The purpose of this review is to address the following issues: the operation of the nursing home subvention scheme and the extent to which current objectives are being; met the efficiency, effectiveness and equity implications of the current subvention scheme; the need and the likely future demand for private nursing home care; the supply of nursing home care in the future; the role of the nursing home sector in an integrated public-private care system, the role of the social economy in an integrated, community-based, long-stay care system; optimal funding arrangements for long-stay care; the major policy questions for the future.
Documents recently released by my Department under the Freedom of Information Act, 1997, include correspondence between my Department and the Department of Finance. These documents show that a draft of the expenditure review includes a suggestion that consideration should be given to a provision which would enable the State to claw-back some of the cost of subvention from the estate of deceased beneficiaries of the scheme. This suggestion is one of a number of proposals made by the author of the review. As the review is still in draft form, it would be inappropriate for further comment to be made without the full findings and recommendations of the review being available for consideration.

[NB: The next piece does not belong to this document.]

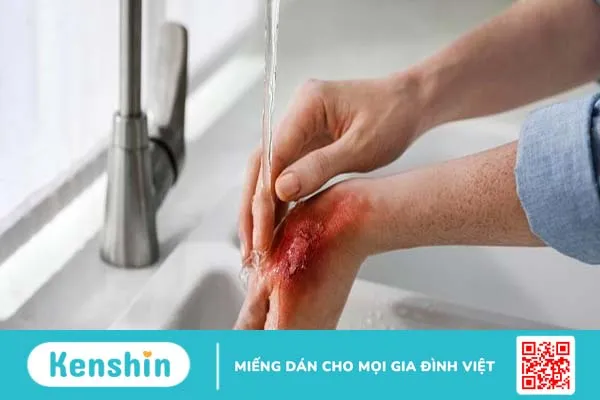 Bị chó nhà cắn có sao không? Cách xử lý như thế nào? 5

It is the intention of my colleague, the Minister for Health and Children, to bring proposals to Government in relation to whatever additional measures may be necessary arising from the forthcoming expenditure review of the subvention scheme, the Ombudsman's report, together with experience gained from the operation of the scheme since its inception in 1993. The whole eligibility framework for health services generally is also one of the key issues to be addressed in the new health strategy currently being prepared by my Department. It is expected that this strategy will be published in the summer.

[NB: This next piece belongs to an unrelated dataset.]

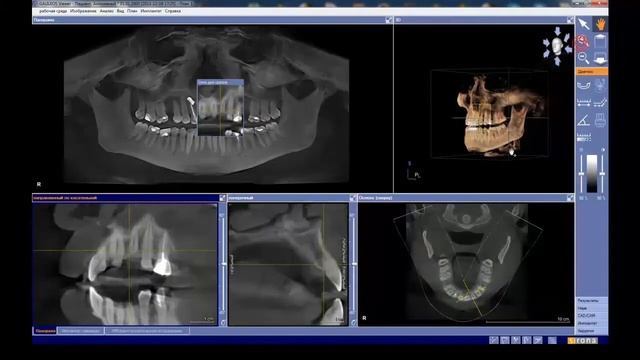 Обучение работе с программой Galaxis, Часть 1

It is, however, worth noting that when this Government came into office in 1997, the budget made available for the nursing home subvention scheme was £27.8 million. In 2001, the level of funding made available for the scheme has almost doubled with £52 million being made available, including the resources necessary to facilitate the recent increases in the rates, bringing them to £90, £120, and £150 per week in respect of medium, high or maximum levels of dependency.
I would also like to remind the Deputy that this Government has allocated significant resources to services for older people, particularly health services, in an attempt to deal with the change in demographics, and the resulting issues, which will emerge. Additional funding for the development of health services for older people has increased significantly from £10 million in 1997 to an additional £36 million in 2000, while in 2001 an additional £57.427 million has been provided. This has resulted in approximately 880 posts approved to services for older people between 1997 and 2000. Between 1998 and 2000 over 400 additional beds have been provided in ten new community nursing units and over 1000 day places per week have been provided in ten new day care centres.

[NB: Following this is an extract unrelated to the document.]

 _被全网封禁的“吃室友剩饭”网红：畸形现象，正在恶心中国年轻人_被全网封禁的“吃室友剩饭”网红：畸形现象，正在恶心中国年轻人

A total of £2.0 billion has been made available by this Government for investment in the health services under the national development plan. This represents a trebling of investment compared to the previous seven year period. The purpose of the plan will be to create an infrastructure that will bring significant and tangible advances in delivering a more patient-centred and accessible service. In the case of services for older people it is proposed to provide a greatly improved physical environment to ensure a high quality and client-centred service. Approximately £200 million will be available for the capital development of services for older people over the period of the plan. A broad range of facilities will either be provided, replaced or upgraded as a result including assessment and rehabilitation facilities, ambulatory care facilities, community hospitals, community nursing units, convalescent and respite beds, daycare centres and services for the elderly mentally infirm.